Jugendkriminalität: Kriminelle Kinder frustrieren Polizisten

Wenn die Polizei nur noch der Chauffeur ist: Ein Beamter erzählt von seinem Frust mit kriminellen Kindern und Jugendlichen. Dabei spricht er sich für geschlossene Heime aus.

Von Fatina Keilani

Für uns als Polizisten ist es frustrierend. Wir haben mit diesen Kindern ja ständig zu tun. Wir erwischen sie hier in Neukölln beim Dealen. Wir wissen, dass viele älter sind als 13, dafür gibt es äußere Anzeichen, ihren Bartwuchs zum Beispiel. Keiner nimmt uns die Kinder ab, jedenfalls nicht wirksam. Wir geben die im Heim vorne ab, und hinten sind sie schon wieder raus. Teilweise leben die in Hotels. Mit den Drogengeschäften verdienen sie ein Vielfaches vom Hartz-IV-Satz. Die wieder einzufangen, ist nicht leicht, denn sie stellen sich darauf ein; die wissen, wie die Polizei arbeitet.

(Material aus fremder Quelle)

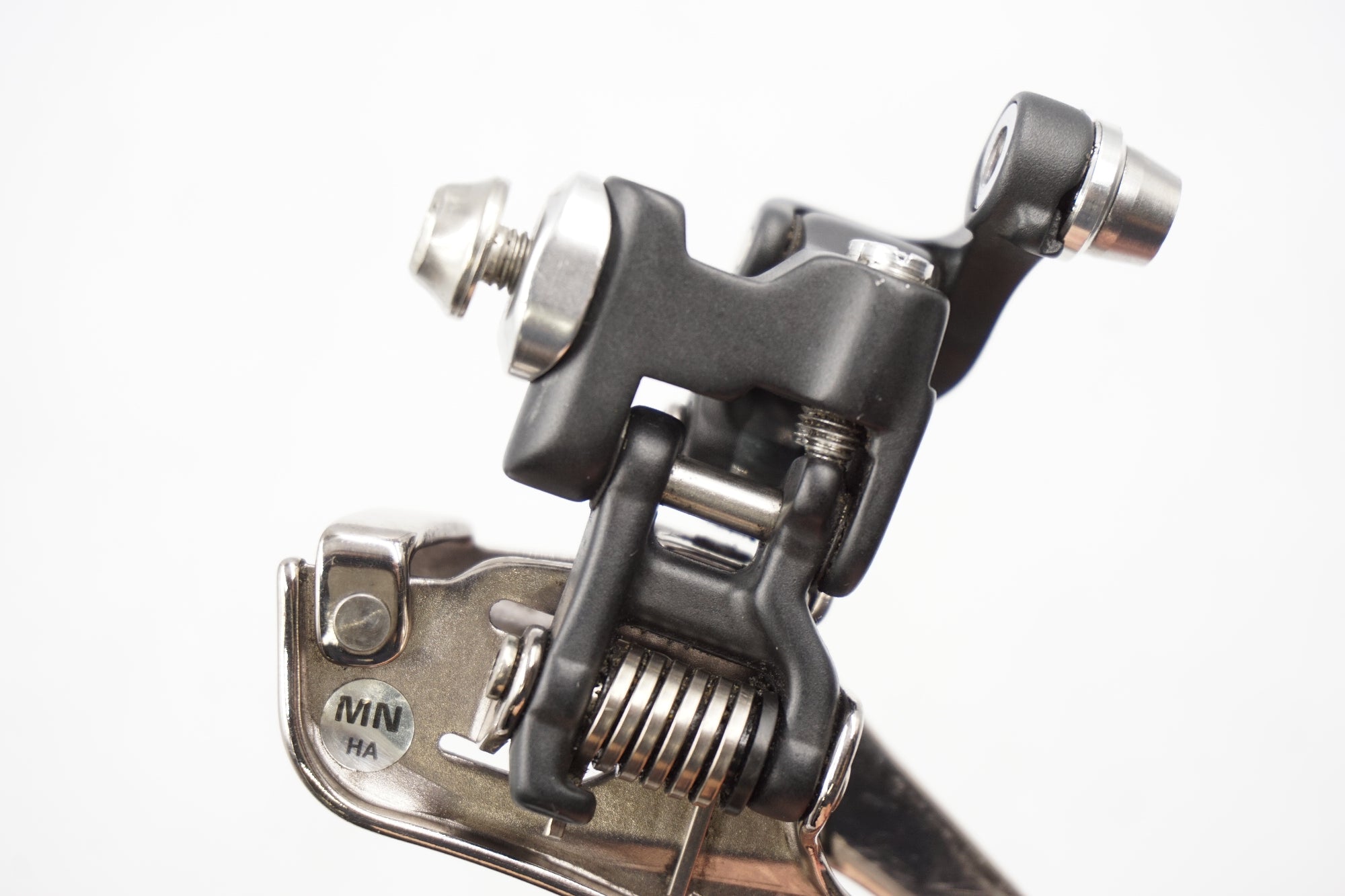 DURA-ACE フロントディレイラー 未使用FD-7900 026 SHIMANO 「シマノ」 DURA-ACE FD-7900 フロントディレイラー / 奈良店
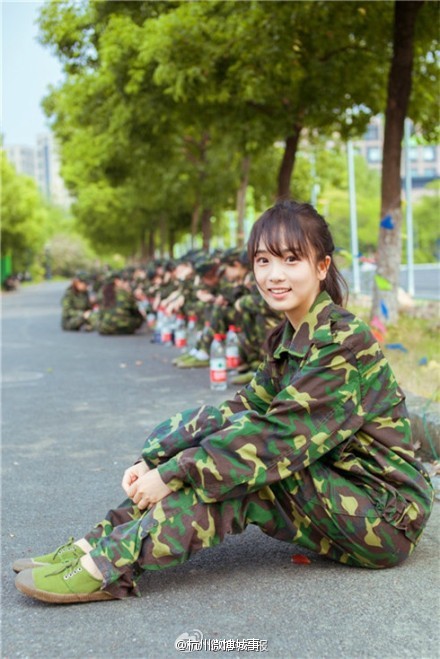浙大軍訓女神JOYIN清純照曝光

Zum Beispiel dürfen wir keine Brechmittel mehr verabreichen, das wurde verboten. Also schlucken sie die Heroin- und Kokainkügelchen ganz schnell runter. Wir versuchen schon, trickreich dabei zu sein, den jungen Dealern den Stoff abzunehmen. Dafür müssen wir aber auch schon mal Druck auf den Hals ausüben, nicht zu fest natürlich, nur damit sie nicht schlucken können. Prompt kriegen wir dann Ärger mit der Bevölkerung. Wie wir denn so hart vorgehen könnten, werden wir gefragt. Das seien doch noch Kinder. Das führt bei uns zu noch mehr Frust. In Wahrheit sind das ausgekochte Burschen.

Außerdem: Wenn so einer das Zeug runterschluckt, und eine Kugel platzt in seinem Magen, dann kann ihn das töten. Das will ich nicht, und als Polizist ist es auch meine Aufgabe, so etwas zu verhindern. Ich habe ja eine Garantenstellung, ich muss auch Gefahren verhüten.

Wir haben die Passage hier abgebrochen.